Quite I while ago I posted a link to an old TV programma, amd after overcoming some technical problems I can repost the video here.
This one, showing an ensign of the Frisian Schwartzenberg Regiment according to the text, looks like a copy of another plate made for the dutch miitary historian ten Raa. The plates were made late 19th century/early 20th century by a Czech or Austrian historian called Norbert Robitcheck "after earlier plates", so are not originals. (Info from the late Dr Jean Belaubre and Yves Roumegoux).
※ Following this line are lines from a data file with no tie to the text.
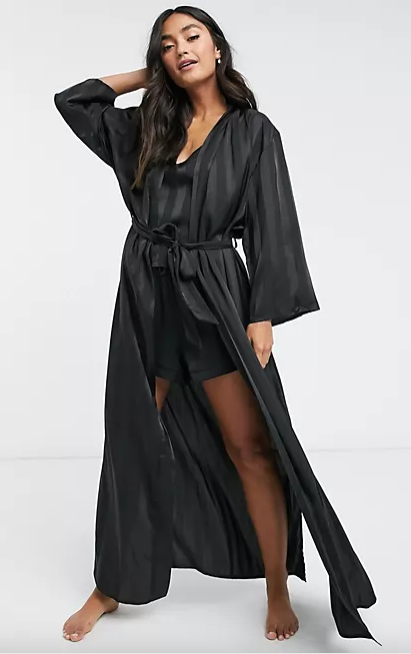 long black sheer robe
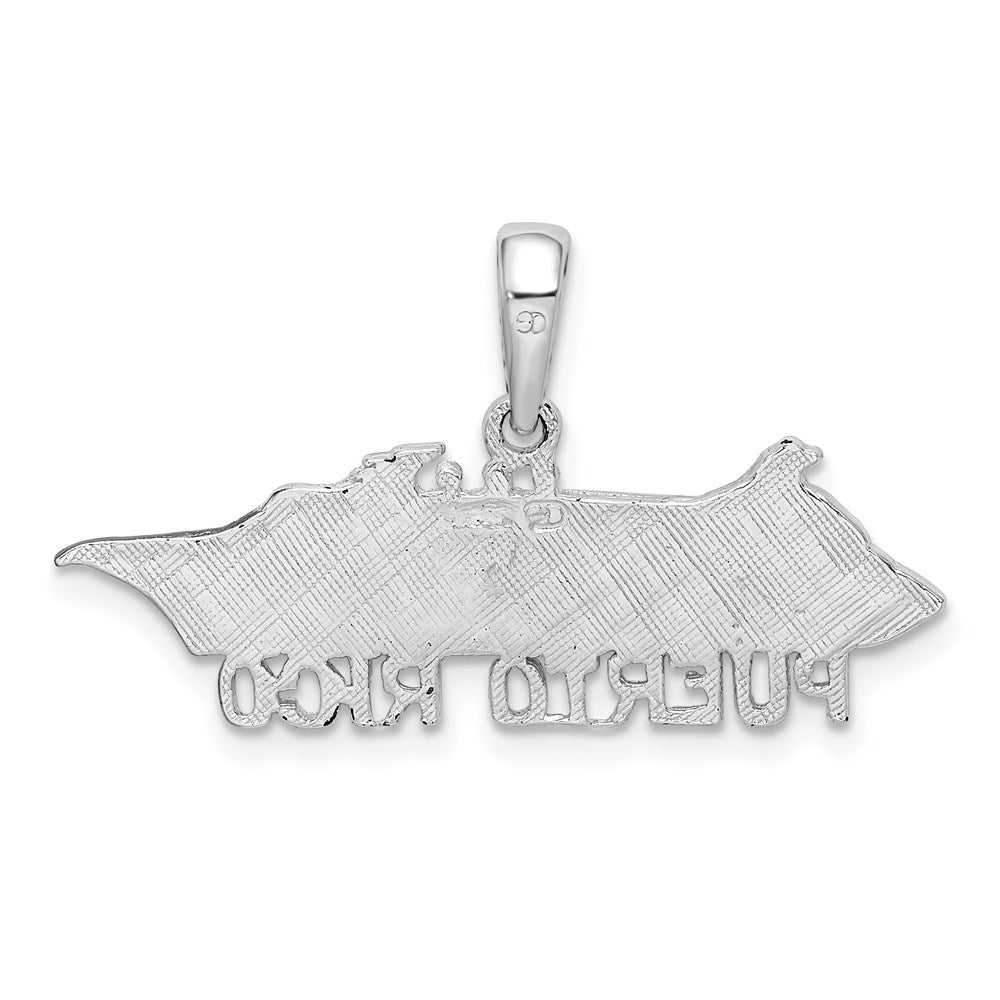Sterling Silver Rhodium-plated Polished Puerto Rico Cruise Ship Pendant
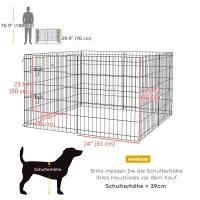 PawHut Haustierlaufstall, Spielgehege für Welpen und kleine Hunde, mit Tür, Indoor- und Outdoor-tauglich, 76 cm, Schwarz(m-3)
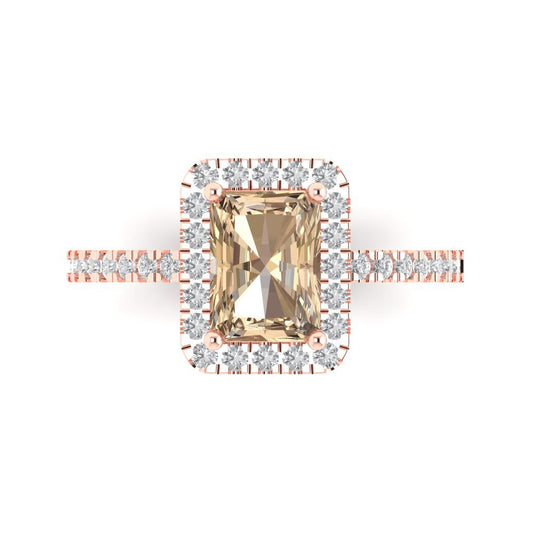 1.86 cttw Yellow Moissanite Hidden Halo Engagement Ring - Solid Rose Gold (VVS1, Emerald Cut,7.5x5.5mm)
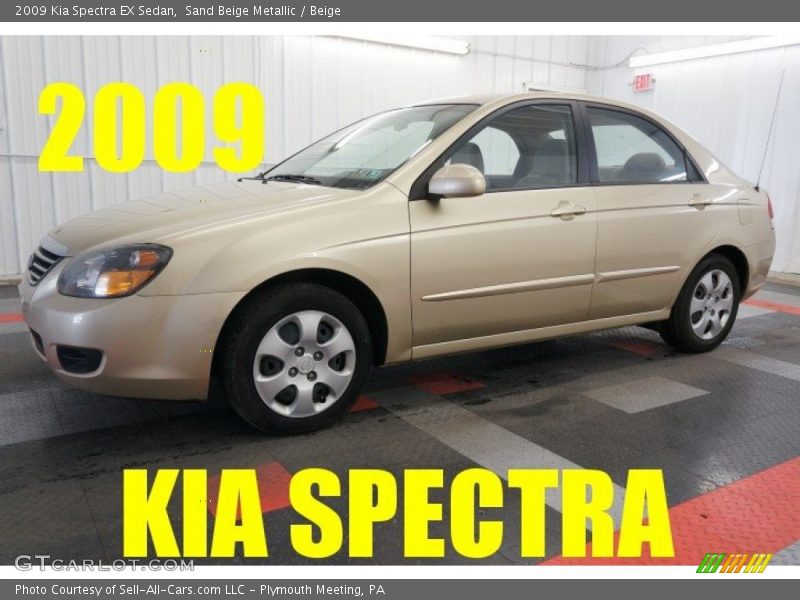 Sand Beige Metallic / Beige 2009 Kia Spectra EX Sedan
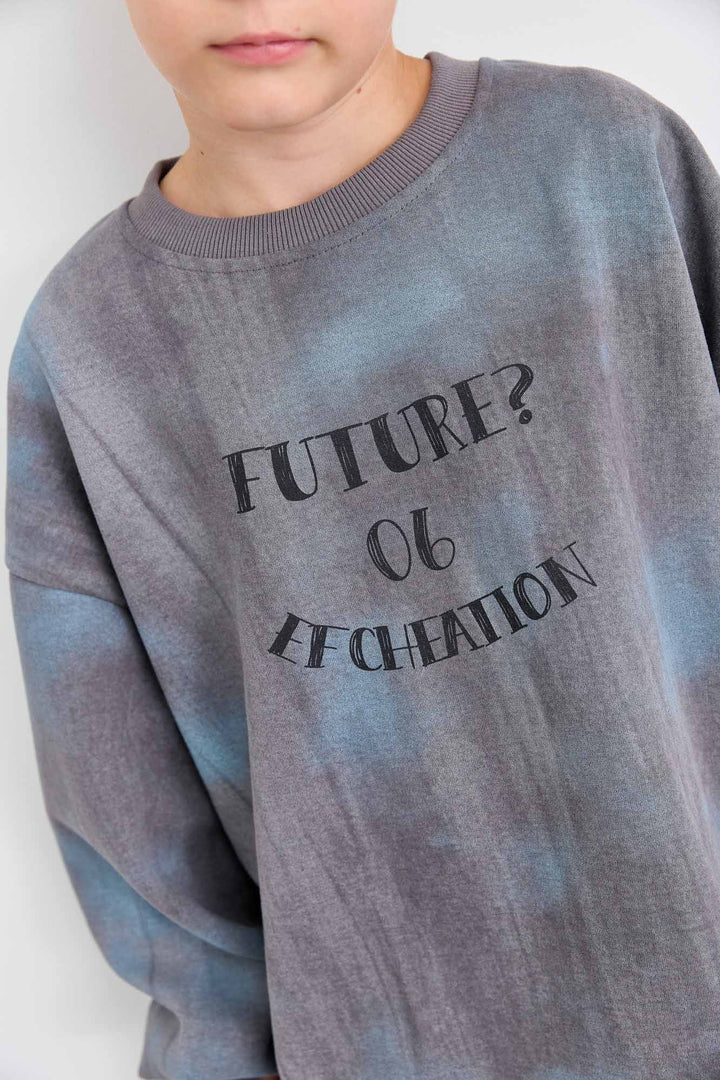 סוויטשירט אוברסייז טאי דאי עם פרינט | אפור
Dr Belaubre was a firm believer in the authenticity of the depicted uniform colours and flags but I still have my doubts.
I this case the Schwartzenberg zu Hohelandsberg banner is depicted wrong as it is turned 90 degrees. You can take a look at Andre Buwalda's website here, for more info on the family.
I also have great doubts about the yellow/black and red/white parts and the Frisian lion is a bit different than the Holland lion. It might be Robitcheck took his info from German Adelsbuche where indeed a very old Bavarian (!) Schwarzenberg Wappen is decribed with black, red and gold. (On google books a lot of Adelsbuche and German heraldry books can be found). Robitcheck did the same trick with the Beveren flag, in which he mashed up the heraldry of the German Bevern and the Dutch Beveren.
So I am not convinced about the authenticity of the flag.
This is an undated painting by the Dutch inventor and painter Jan van der Heyden of the city of Veere, probably 17th century, from the Mauritshuis Collection. This Collection is not accessible through the website of the Mauritshuis but through euopeana.eu (just search with "mauritshuis" and "painting").
Maurits is the dutch equivalent of Maurice, and in this case it's Maurice "The Brazilian", who made his fortune in Brazil, at a certain time a dutch colony. Maurice also had a carreer in the Dutch Army.
Yesterday we talked about William III's guard but it is not quite known that from early 1672 Cornelis de Witt, also had a guard of 50 men, dressed in red coats with yellow lining.
They are depicted here on a "schoolplate". There are other sources like papers who describe them as well, but my source is HSL V, p.314 esp. note 24.